Well, you are misunderstanding this a bit as it isn't really an issue pertaining to "compact theory," as much it is one which simply revolved around enumerated powers. The jurisdiction of the Federal judiciary is defined in Article III of the U.S. Constitution and that jurisdiction was written to include suits "between a State and citizens of another State." What happened is that the Supreme Court interpreted this to mean that it had jurisdiction in all cases in which a State and citizens of another State were parties and thusly ruled in the case of Chisholm vs. Georgia, which was brought by a citizen of a State against the government of another State.
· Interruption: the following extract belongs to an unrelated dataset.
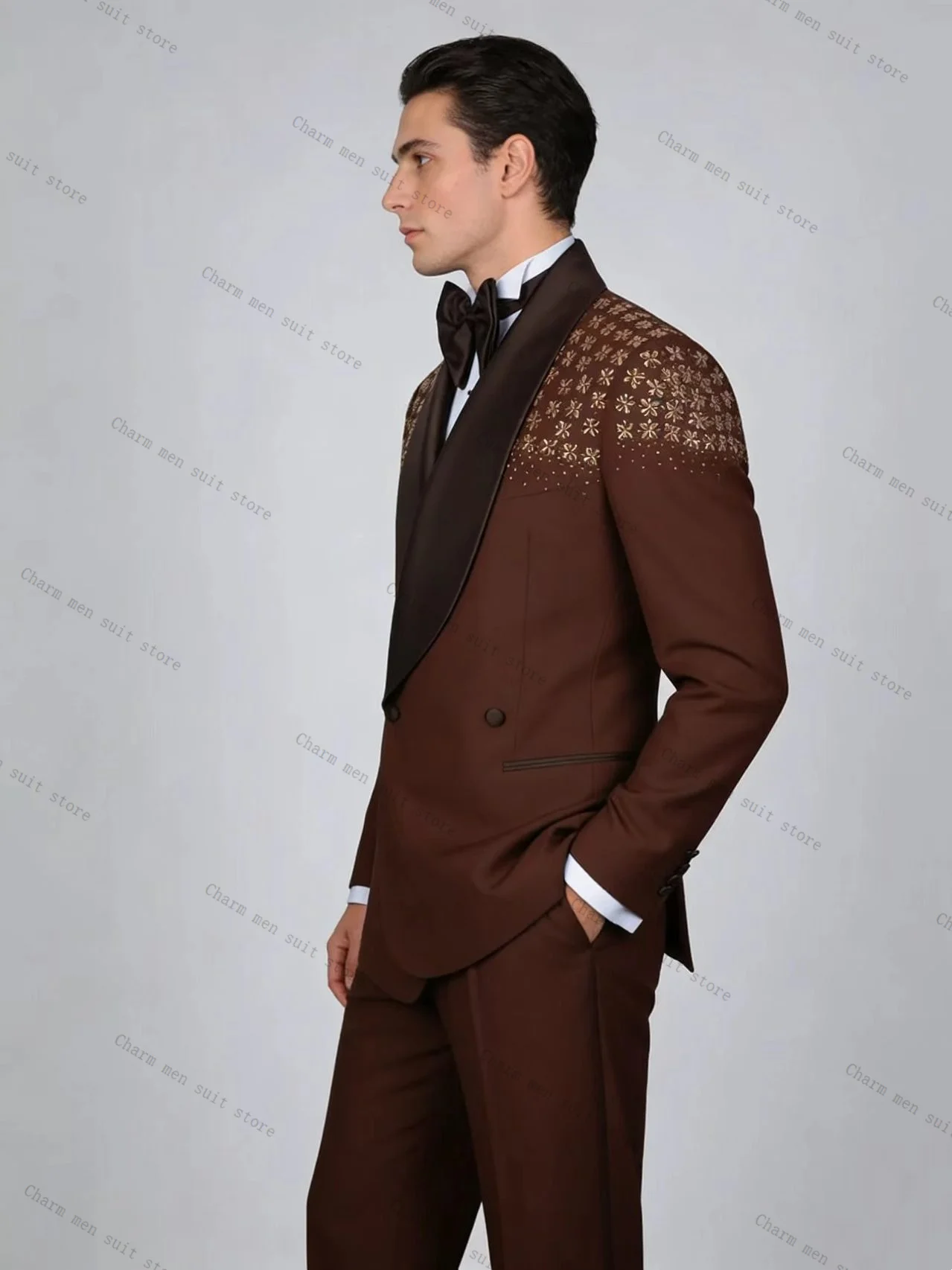 Crystals Brown Men Suits Set 2 Pcs Blazer+Cotton Pants Trousers Luxury Wedding Tuxedo Formal Office Business Groom Jacket Coat
Crystals Brown Men Suits Set 2 Pcs Blazer+Cotton Pants Trousers Luxury Wedding Tuxedo Formal Office Business Groom Jacket Coat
This quickly provoked a sharp reaction as the intention of the provision was only intended to extend to cases brought by a State against citizens of another State, i.e. when the State is plaintiff, resulting in the passage of the Eleventh Amendment which clarified that the Federal judiciary does not have jurisdiction over suits brought against a State by non-citizens who are citizens of another jurisdiction. That is all the Eleventh Amendment did. It did not grant any power to the States, it simply clarified that this was an area outside of Federal enumerated powers and consequently that power is retained to the States. This why the Eleventh Amendment begins with "The Judicial power of the United States shall not be construed to extend...," as it was only intended to clarify the extent of Federal jurisdiction in Article III.

The Federal government which was established under the Constitution can be understood as one which was created by the people of the United States, who created a government of enumerated power and declared that in the areas in which that government possessed power, it was supreme in relation to the States in which the people resided. Beyond those powers, authority was retained, through the simple fact that it was not given, by the people of each State to the States themselves, meaning those States to which each person belongs. The Federal government and the States can be understood much like separate entities, where the people of all of the States created the Federal government, enumerated its powers and specified that the Federal government is supreme in its areas of authority. Beyond this, naturally, authority is retained to the States, or to the people residing therein. So, the basis of the United States under the Constitution is that of the people, who are co-sovereigns, not the States. Beyond those powers provided for in the Constitution, or prohibited by it to the States, authority is retained to the States by the fact that it has not been granted to the Federal government.